Additionally, the company plays a prominent role in the communities it serves, donating one per cent of pre-tax profits to local organizations focused on providing a healthy lifestyle through good nutrition and physical activity. This commitment comes in the form of financial contributions, employee volunteering and product donations. Recipients are community- and sport-minded organizations such as Breakfast Clubs of Canada and Quebec as well as Camp Taillevent for youths from disadvantaged areas of Quebec.

The company puts a similar focus on its employees through the Saputo Health & Wellness – Feed Your Life program. It provides tools, activities, information and reference materials to help its employees maintain a healthy lifestyle, says Sandy Vassiadia, director of Corporate Communications for Saputo in Montreal.

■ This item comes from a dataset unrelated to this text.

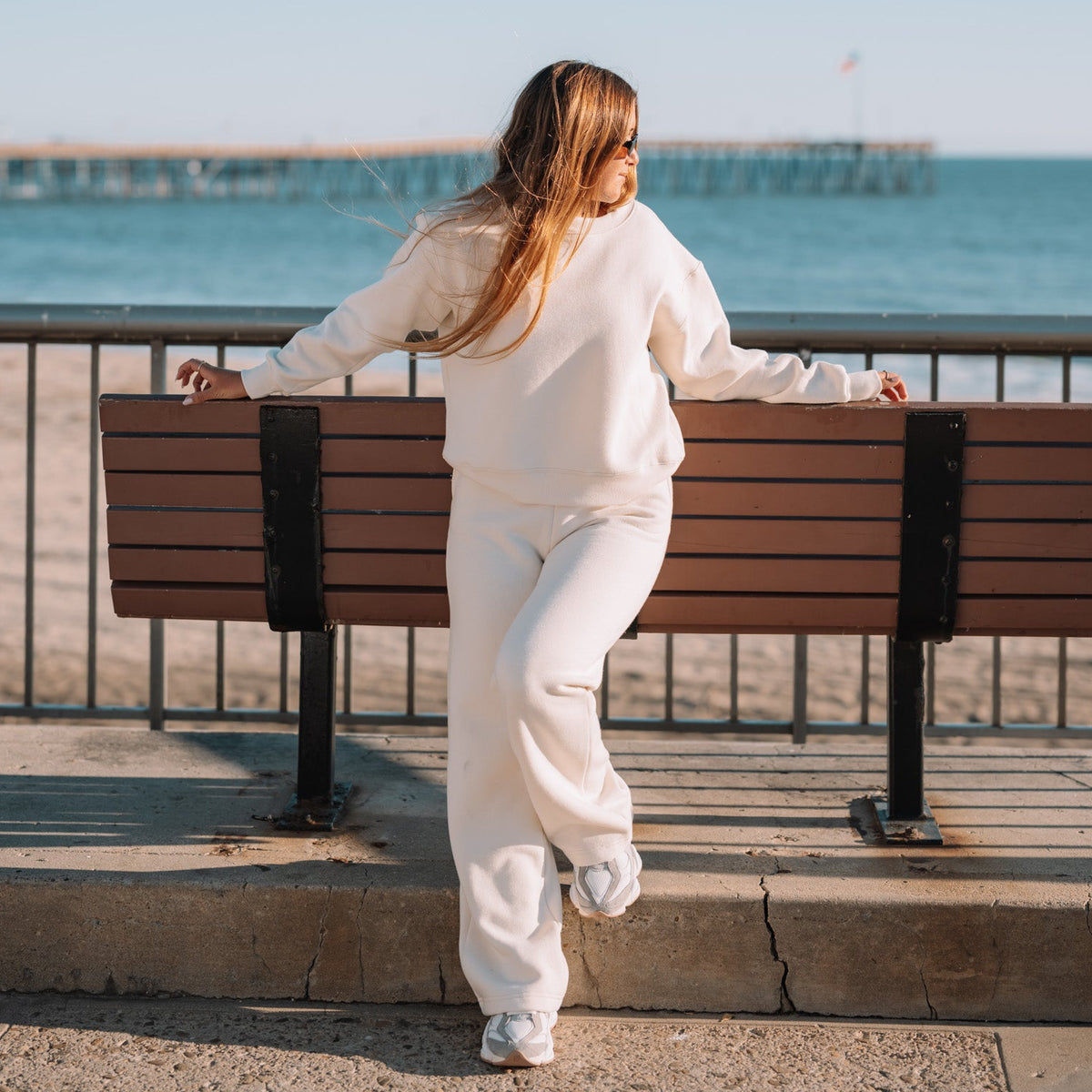 A woman in a white sweatshirt and matching sweatpants stands with her back to the camera, leaning on a wooden bench at a seaside location with the ocean and pier in the background.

As part of the initiative, Saputo focuses on a different theme each month, such as healthy diets, cardiovascular health and prostate testing. “There is a huge range of group activities,” Vassiadia says. “Employees have formed walking and cycling groups; some do kickboxing at lunch; others are in a buddy system for quitting smoking.… There’s a slew of things we do to make sure they are getting the right information to adopt a healthy lifestyle.”

Whatever the initiative, Bombino believes it’s the people that count the most. “We strongly believe our success is based on the people we have working on our organization. It’s everyone, from foodservice, logistics and plant operations, to the top management levels. They are what give us our competitive advantage.”